SimCalib: Graph Neural Network Calibration based on Similarity between Nodes

TL;DR

This paper introduces SimCalib, a novel GNN calibration framework that leverages node similarity at global and local levels, supported by theoretical analysis and extensive experiments showing state-of-the-art results.

Contribution

The work provides the first theoretical analysis linking GNN calibration to node similarity and proposes SimCalib, a new calibration method considering global and local similarity measures.

Findings

SimCalib achieves state-of-the-art calibration on 14 out of 16 benchmarks.

A correlation exists between node similarity and calibration improvement.

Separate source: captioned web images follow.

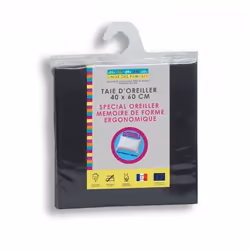 Linge des familles Taie d'oreiller Extensible Titanium, Titane, Coton, Monochromatique, Fermeture à glissière, 100% Coton Jer ...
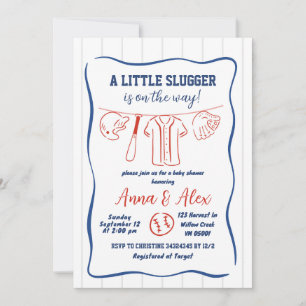 Invitation de baby shower au baseball dessinée à l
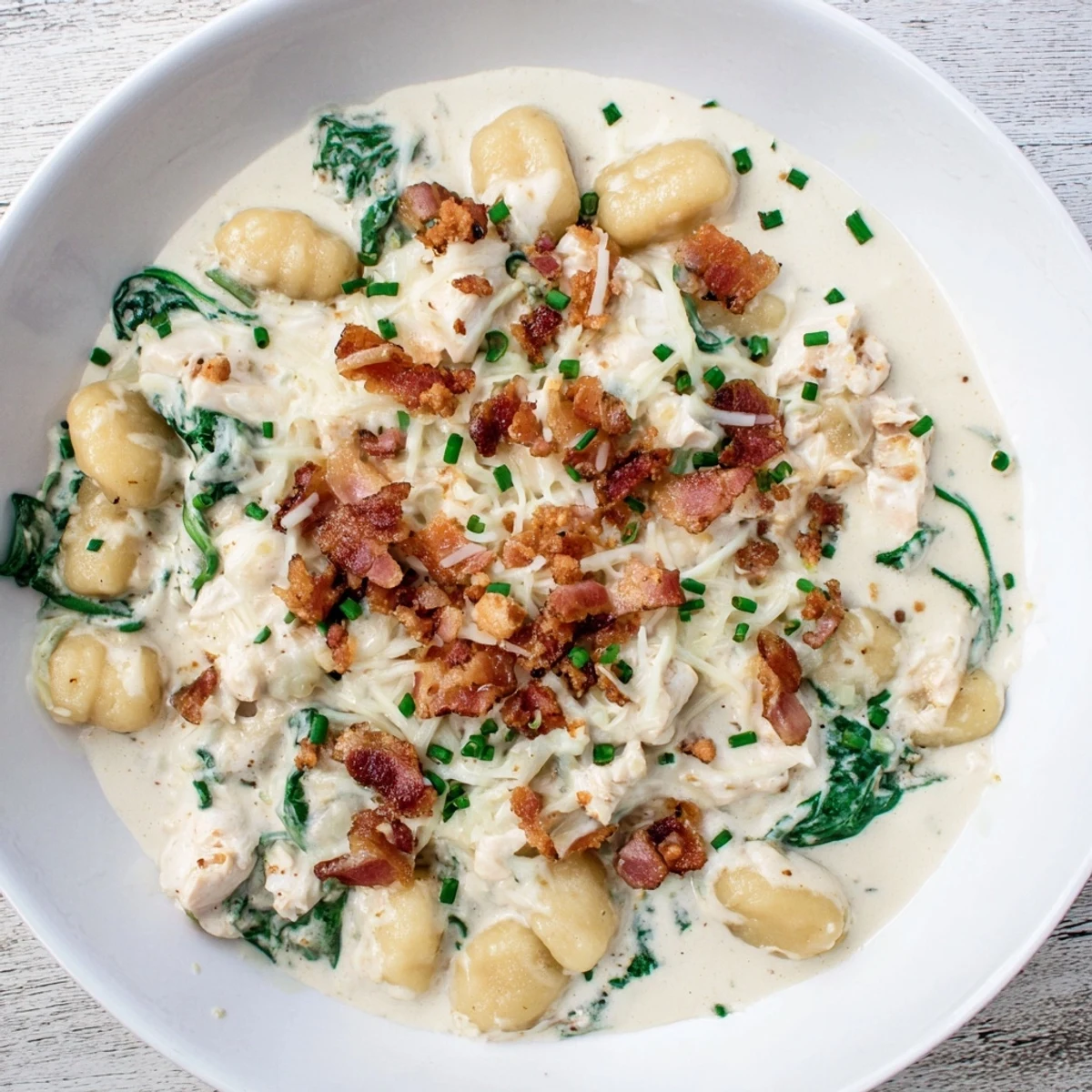 Serving of cheesy chicken gnocchi in rich white sauce with ranch seasoning and fresh chives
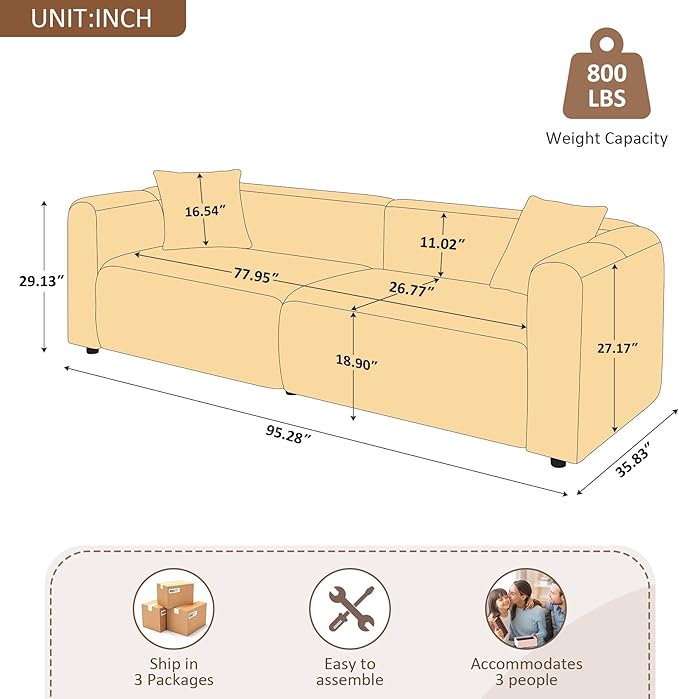 VANOMi 95" Cloud Couch, Comfy Deep Seat Boucle Cloud Sofa, Upholstered 3-Seater Oversized Loveseat Sofa with 2 Pillows, Modern Sofa for Living Room, Bedroom, Office, Apartment (Light Khaki)
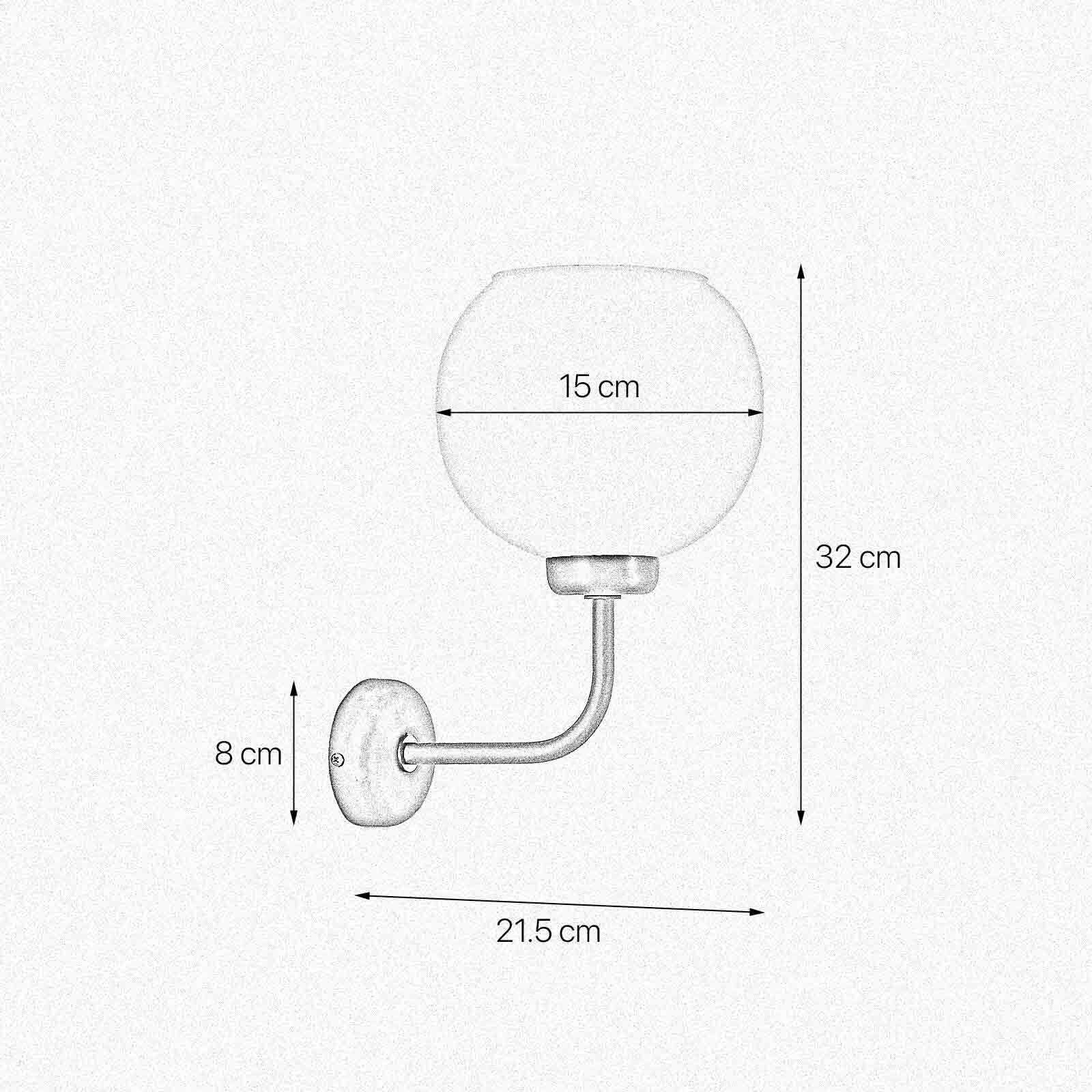 Applique laiton verre H : 32 cm en bronze blanc E27 boule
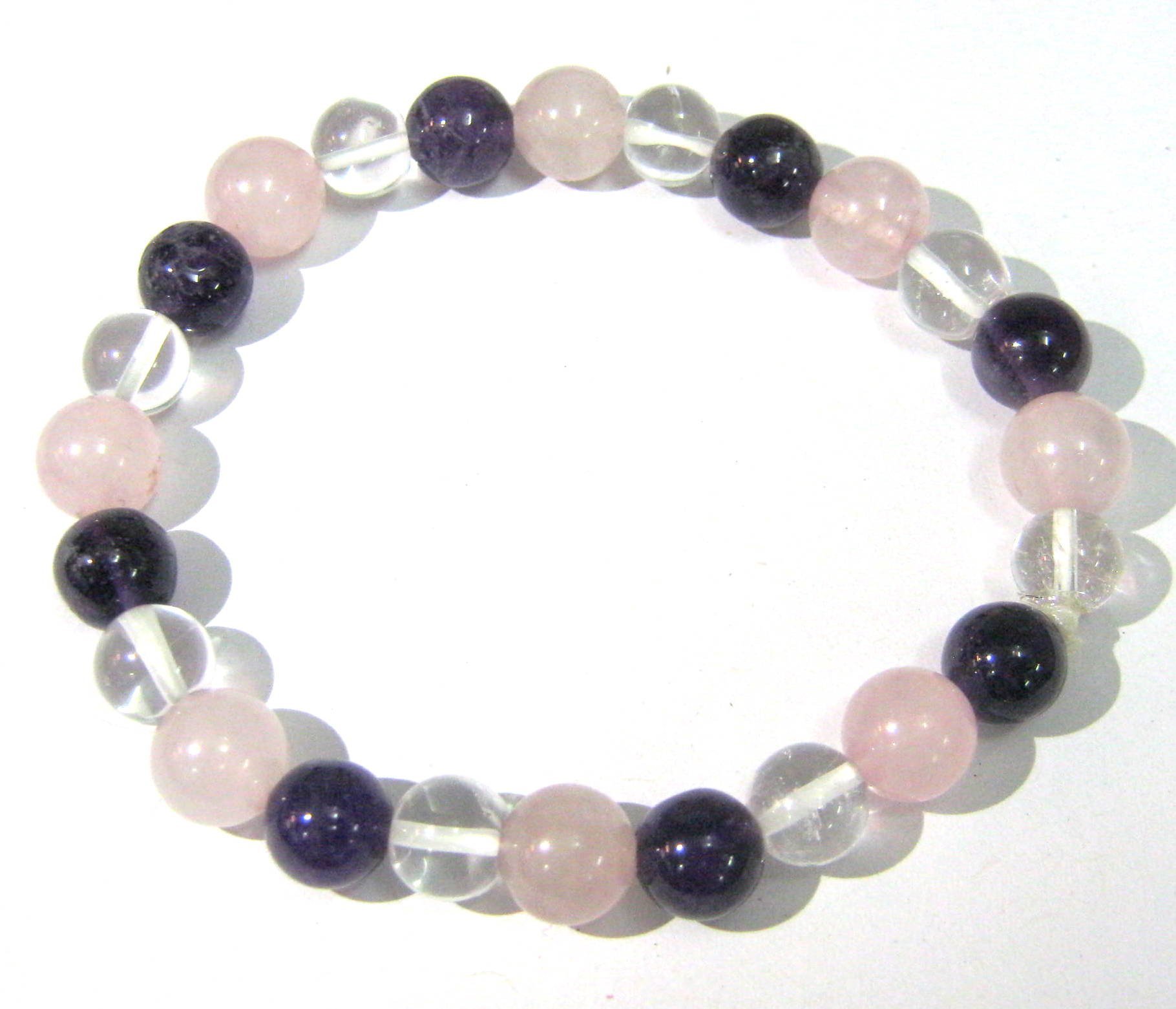 Clear Quartz Amethyst Rose Quartz Gemstone Beaded Bracelet Crystal Healing Gift positive Energy Love Meditation Fashion handcrafted accessory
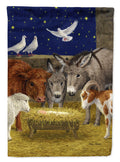 Nativity Scene with just animals House Flag 28x40 Porch Sleeve Pole Decorative Outside Yard Banner Artwork Wall Hanging, Polyester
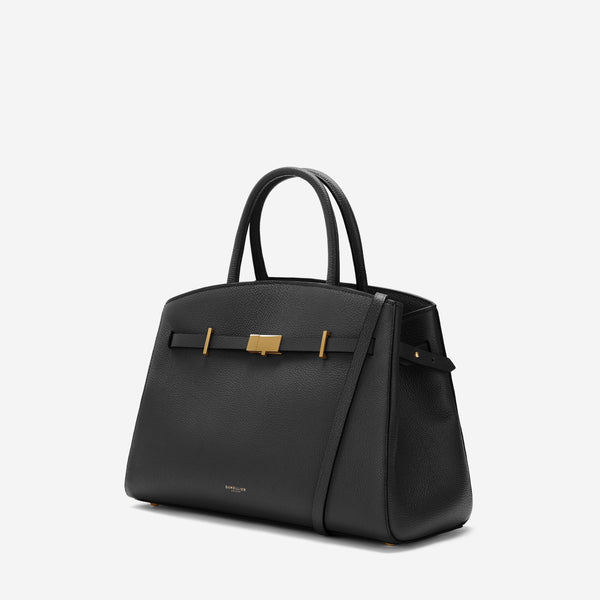 Demellier The Midi Hudson | Black Small Grain | DeMellier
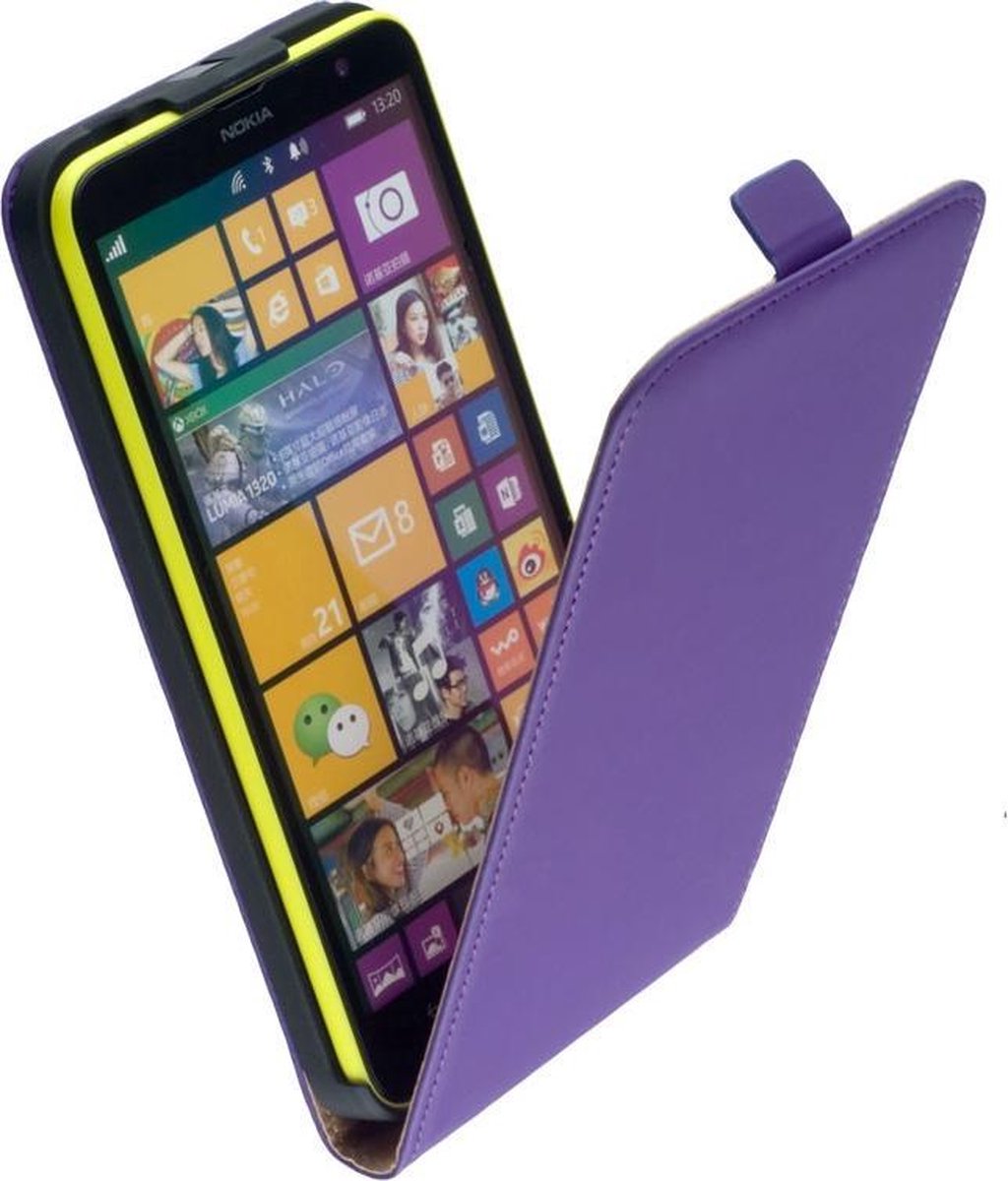 LELYCASE Lederen Flip Case Cover Hoesje Nokia Lumia 1320 Paars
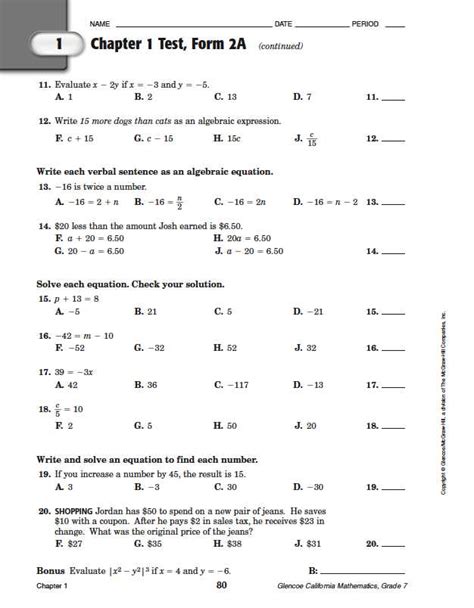 Chapter Test Form A 6 Geometry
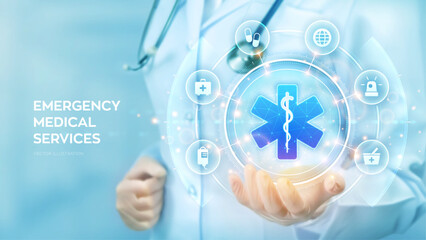 Emergency medical services concept. Doctor holding in hand the Emergency symbol. Online medical support. First aid. Medicine and healthcare application. Vector illustration.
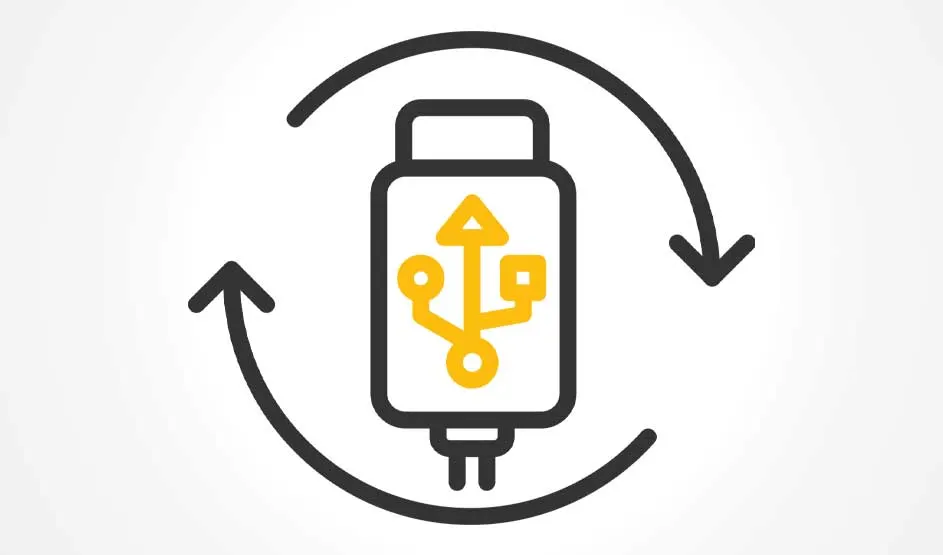 Een pictogram van een USB-stick met gele USB-symbool, omringd door twee zwarte pijlen in een cirkel die uitwisseling of synchronisatie tonen.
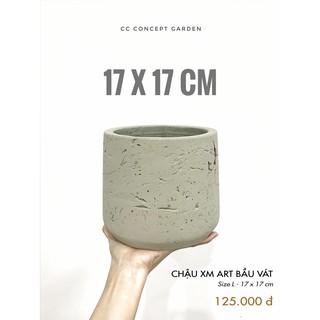Chậu xi măng art - bầu vát size 17cm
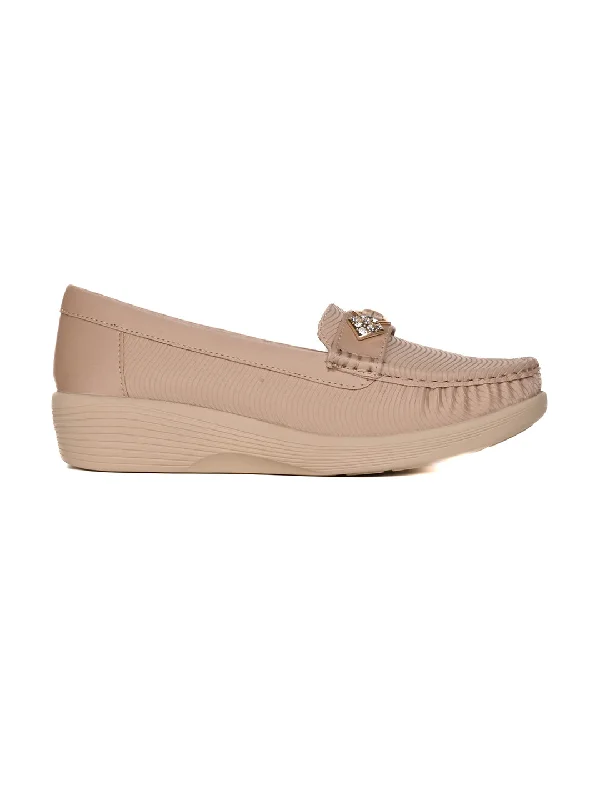 Women Beige Textured Wedge Heel Loafers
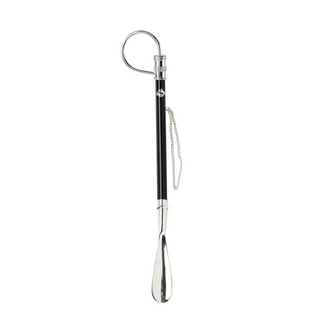 silver-plated brass 53cm long handle handmade Italian luxury shoehorn side view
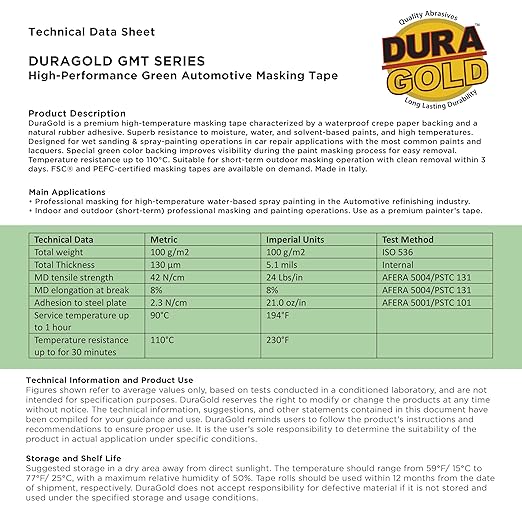 Dura-Gold Green Automotive Masking Tape 1-1/2 Inch, 2 Rolls - Image 6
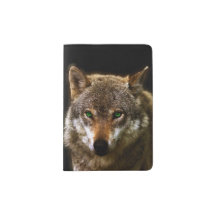 Perfil de lobo con ojos verdes ~ fondo editable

Theoretical analysis connects over-smoothing with calibration issues.

Abstract

Graph neural networks (GNNs) have exhibited impressive performance in modeling graph data as exemplified in various applications. Recently, the GNN calibration problem has attracted increasing attention, especially in cost-sensitive scenarios. Previous work has gained empirical insights on the issue, and devised effective approaches for it, but theoretical supports still fall short. In this work, we shed light on the relationship between GNN calibration and nodewise similarity via theoretical analysis. A novel calibration framework, named SimCalib, is accordingly proposed to consider similarity between nodes at global and local levels. At the global level, the Mahalanobis distance between the current node and class prototypes is integrated to implicitly consider similarity between the current node and all nodes in the same class. At the local level, the similarity of node representation movement dynamics, quantified by nodewise homophily and relative degree, is considered. Informed about the application of nodewise movement patterns in analyzing nodewise behavior on the over-smoothing problem, we empirically present a possible relationship between over-smoothing and GNN calibration problem. Experimentally, we discover a correlation between nodewise similarity and model calibration improvement, in alignment with our theoretical results. Additionally, we conduct extensive experiments investigating different design factors and demonstrate the effectiveness of our proposed SimCalib framework for GNN calibration by achieving state-of-the-art performance on 14 out of 16 benchmarks.